» DATASET CONTENT:
_ _ _ _ _ _ _

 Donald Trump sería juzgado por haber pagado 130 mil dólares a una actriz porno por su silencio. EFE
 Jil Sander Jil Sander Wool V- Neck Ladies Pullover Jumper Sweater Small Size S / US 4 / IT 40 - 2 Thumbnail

_ _ _ _ _ _ _

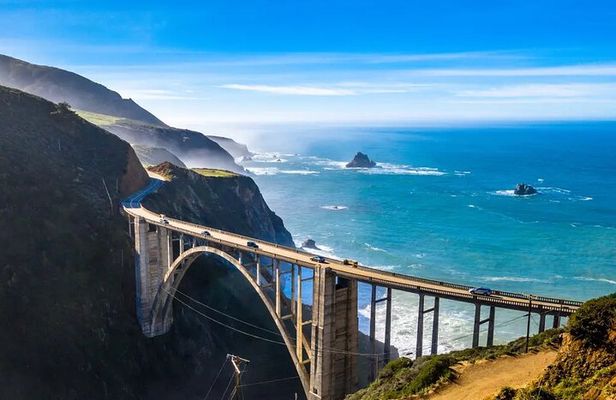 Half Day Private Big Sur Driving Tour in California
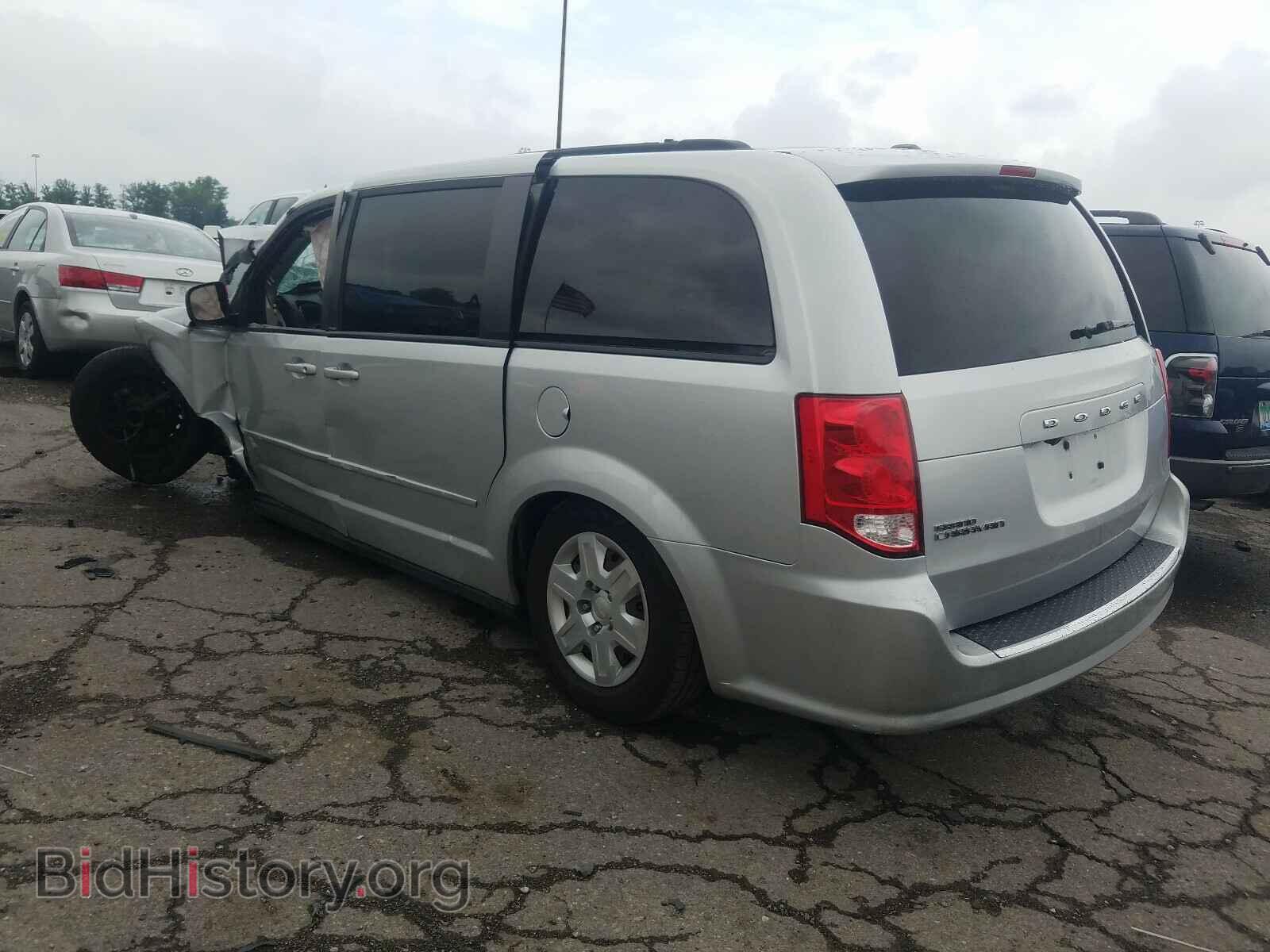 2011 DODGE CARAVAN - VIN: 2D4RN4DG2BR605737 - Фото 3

_ _ _ _ _ _ _

» PROBLEM STATEMENT:
Retype exactly, and only, the lines above from the one where "Donald Trump sería" occurs up to and including the one where "Jil Sander Jil" occurs.

» RESPONSE BELOW:
 Donald Trump sería juzgado por haber pagado 130 mil dólares a una actriz porno por su silencio. EFE
 Jil Sander Jil Sander Wool V- Neck Ladies Pullover Jumper Sweater Small Size S / US 4 / IT 40 - 2 Thumbnail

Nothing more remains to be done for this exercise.